Too early to tinker with tax system – Diokno

This file photo shows BSP Governor Benjamin Diokno at a press conference.
Facebook / BSP

MANILA, Philippines — It is “too early” to make changes in the existing tax system on personal income, Finance Secretary Benjamin Diokno said yesterday amid proposals by lawmakers to reduce the income tax rates of Filipino working class families.

Diokno was reacting to a House bill filed by ACT Teachers party-list that targets to address imbalances in the Tax Reform for Acceleration and Inclusion (TRAIN) Law and the Corporate Recovery and Tax Incentives for Enterprises Act (CREATE).

“We just amended both PIT (personal income tax) and CIT (corporate income tax). Let’s give the new tax system a chance to operate,” Diokno told reporters. “It is too early to tinker with it.”

ACT Teachers Rep. France Castro recently filed the Tax Reform Act for the Masses and the Middle Class (TRAMM), which calls for a tax reform package that aims to reduce the income tax rates of Filipino working class families.

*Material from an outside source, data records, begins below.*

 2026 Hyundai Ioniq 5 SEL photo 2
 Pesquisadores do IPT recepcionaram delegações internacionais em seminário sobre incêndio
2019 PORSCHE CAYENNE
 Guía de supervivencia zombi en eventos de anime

As part of the TRAIN Law, the government reduced the personal income tax for 99 percent of taxpayers, a much-needed relief after 20 years of non-adjustment.

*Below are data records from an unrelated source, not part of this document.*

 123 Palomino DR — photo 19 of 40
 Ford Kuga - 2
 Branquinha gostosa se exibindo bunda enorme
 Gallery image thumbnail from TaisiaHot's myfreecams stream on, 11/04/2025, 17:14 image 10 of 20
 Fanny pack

Through TRAIN, the government has effectively given out a 14th-month pay every year to wage earners.

CREATE, on the other hand, lowered the CIT rate for all enterprises.

The proposed bill includes setting a 20 percent maximum personal income tax rate for individual citizens, and the exemption of the first P400,000 of their income.

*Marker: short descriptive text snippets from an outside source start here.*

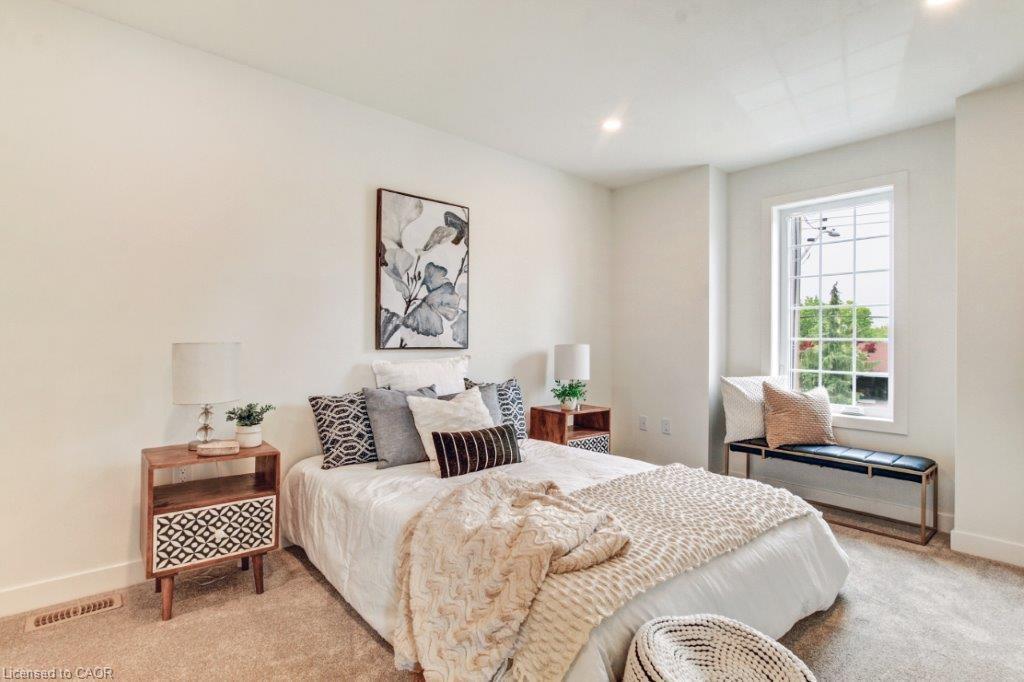 210 William Street, Delhi, ON - Indoor Photo Showing Bedroom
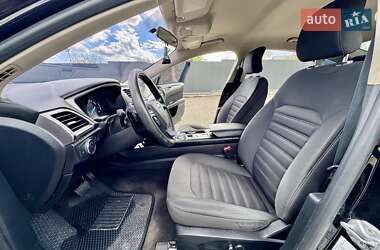 Седан Ford Fusion 2017 в 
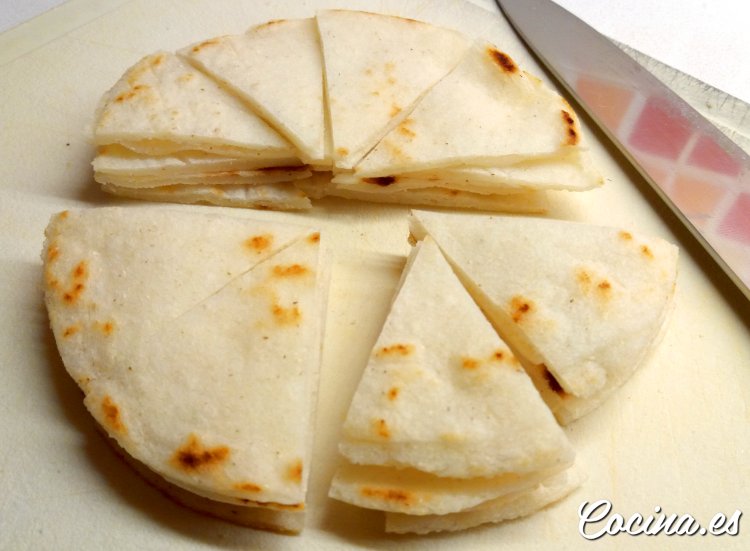 Cómo hacer nachos caseros con tortillas de maíz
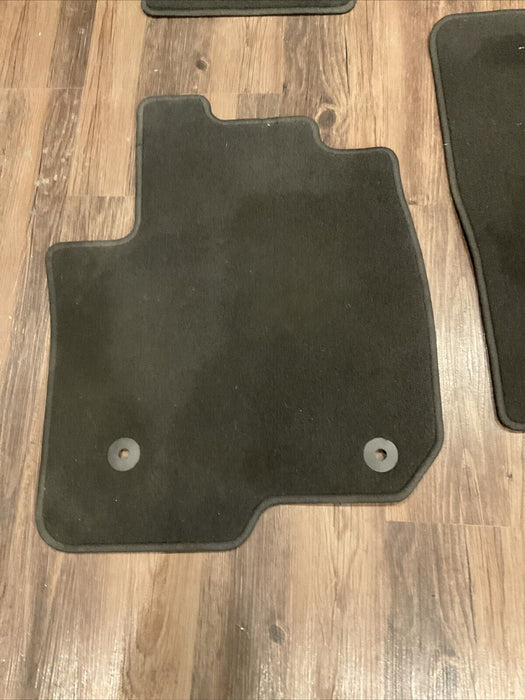 2020 2021 2022 GMC SIERRA 2500 3500 FLOOR MAT SET (4)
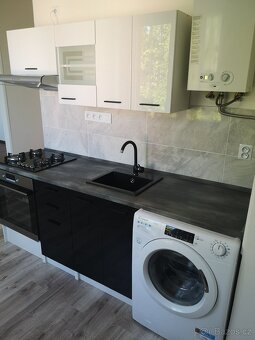 Byt 2+1+Balkon Rekonstrukce Zadní Vinohrady TOP Chom - 8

It also plans to bring back additional exemptions for dependents. This time, senior citizens and persons with disabilities may be claimed as dependents.

The bill also seeks to raise the cap for tax-free bonuses to P150,000 and the mandate for the Bureau of Internal Revenue to set up a progressive, 10-bracket personal income tax schedule.

“Reducing income tax rates for working families will not only improve their way of life, but also strengthen their purchasing power, which will boost overall domestic demand for consumer goods,” Castro said.

“Our country remains among the most unequal in the world, with income shares of the poorest and richest segments of the population almost stagnant for decades now, and personal income tax rates for the poor and middle-class citizens in the Philippines are even higher than rates in other countries such as Singapore,” she said.